What we're seeing these days, then, is a reaction against the older approach and a transition to a society where personal identity is far more up to the person than it is to anyone else. As with any transition, it's invariably going to be messy, with some people being "left behind", and others perhaps pushing the matter too far. At some point, things will settle down into some kind of balance, where people are who they choose to be and, more importantly, nobody actually cares.

At any rate, no matter your personal perceptions of who someone "actually" is, when it comes to their gender, it seems a matter of basic courtesy to respect their 'choice' of identity, even if you don't agree with it.
He's bang on, too much attention is given to this "syndrome".
Well said RATTER15.

Very well put.
Well said Jim.
And even better put jim360.
"I really dont see an issue with Transgender people, they are just humans that wish to live the way they want and in the gender they feel most comfortable! Why should they be denied that right!!? " yes ratter, if they just get on with it then fair enough but they demand special treatment, they demand the NHS pay for their "reassignment" etc etc. Look if a bloke wants to swap is bits about and dress up as a woman fine just don't ask me to pay for it and make allowances.
Hr clearly makes a lot of sense. It is one thing to have sympathy for those whose minds do not accept their gender and cause the individual to feel more like the other; quite another to pretend that mimicking the opposite gender, with or without surgery, is changing gender.
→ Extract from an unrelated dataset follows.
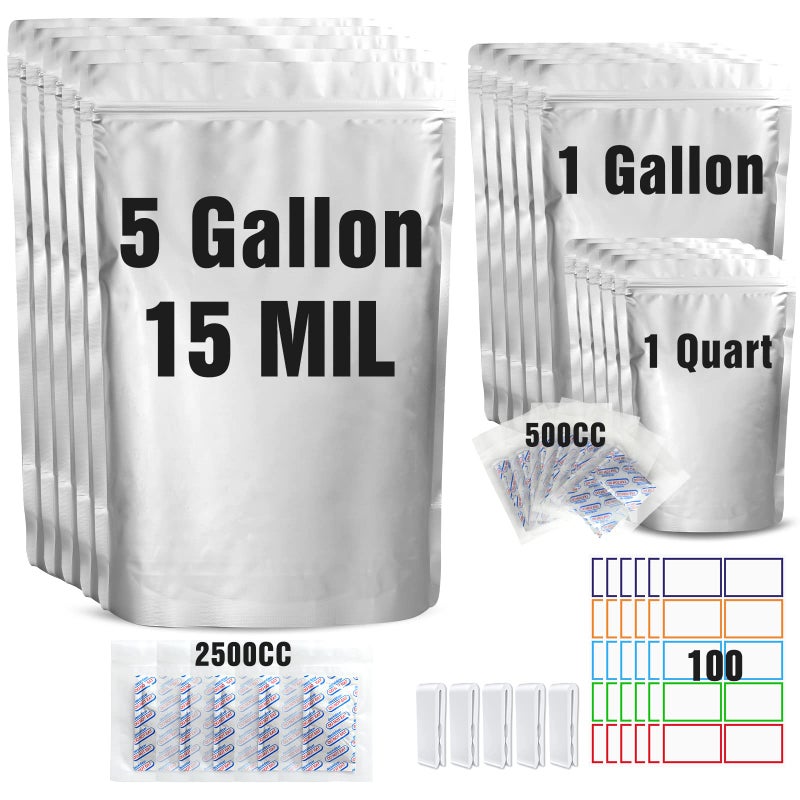 DEIAO 15 Mil 5 Gallon Mylar Bags for Food Storage with 2500cc Oxygen Absorbers  55 Pack Mylar Bags 5 Gallon1 Gallon1 Quart 3 Size 100 Pcs Labels and 500cc Oxygen Absorbers for Long Term Food Storage 
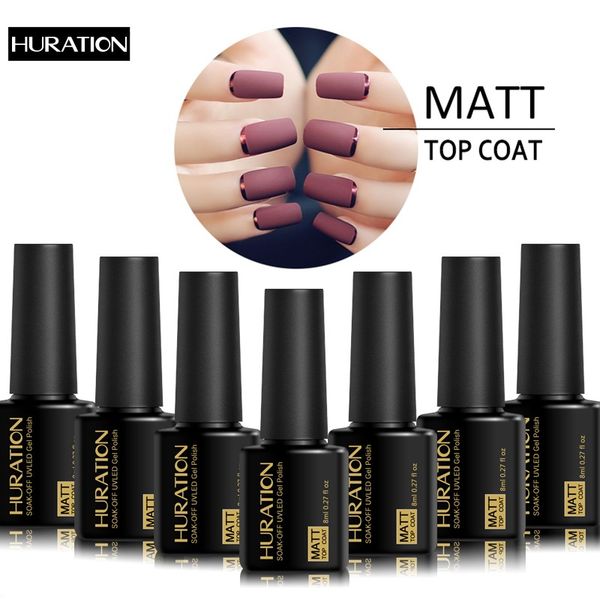 

huration 8ml matte gel nail polish coat soak off uv led transparent professional nail art matte gel varnish lacquer primer, Red;pink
Particularly deceitful when society insists on calling them by the wrong gender and pretending it is those who use the right pronouns who are in the wrong. Acceptance that folk are different is the correct way to go, not trying to fool others into believing the opposite of what is true. Of course those with an interest on continuing deception will cry him down but he is simply the little boy calling out that the Emperor has no clothes.
How clever of you, OG, to shoot down any possible attempt to disagree with you before it's even started by calling those who would people who "have an interest in continuing deception".

Sex is not gender. That is the claim being made. It's not a deception, it's an acknowledgement that who you are is not defined by what's inside your pants. Why the two should be forced to align, or why people who find that they don't should be treated with the sort of patronising sympathy that some people offer, isn't really obvious to me.

Why is it wrong, then, to separate biological sex from social gender? I don't think I've ever seen anyone actually offer a convincing reason, or even half of one.
Firstly you have to believe social gender is a 'thing'. Personally I don't even know what the term means. Do you mean the social,construction of gender?
Yes, that. Even societies that regarded men as men, and women as women, and had nothing in between, what men and women did or were expected to do/ wear/ act like varies, so it's not like the Westernised version of "woman" is the only one possible anyway.

So social gender is clearly a thing -- everything that doesn't actually have to follow from the fact that women and men are biologically built differently is a social construct.
I don't think it is. It's the perception of a 'thing' and very much debatable.
Even the fact that it's a perception of a thing makes it one -- men and women are usually expected to behave in particular ways, even if they don't actually "have" to, and these ways often are expected to align with their biology. Which is exactly the definition of a "social construct" of gender.

As I said, I (and it would appear others) believe that the concept is debatable. Therefore the reality of whether it is a 'thing' is subjective.
You will never change the minds of bigots Jim!!
I hope that's not aimed at me ratter.
I hope it isn't too.
No Zac, it wasnt.
Sex and gender is the same thing when applied to people. We are defined by everything we are, we don't exclude body parts as part of that definition simply because it suits some.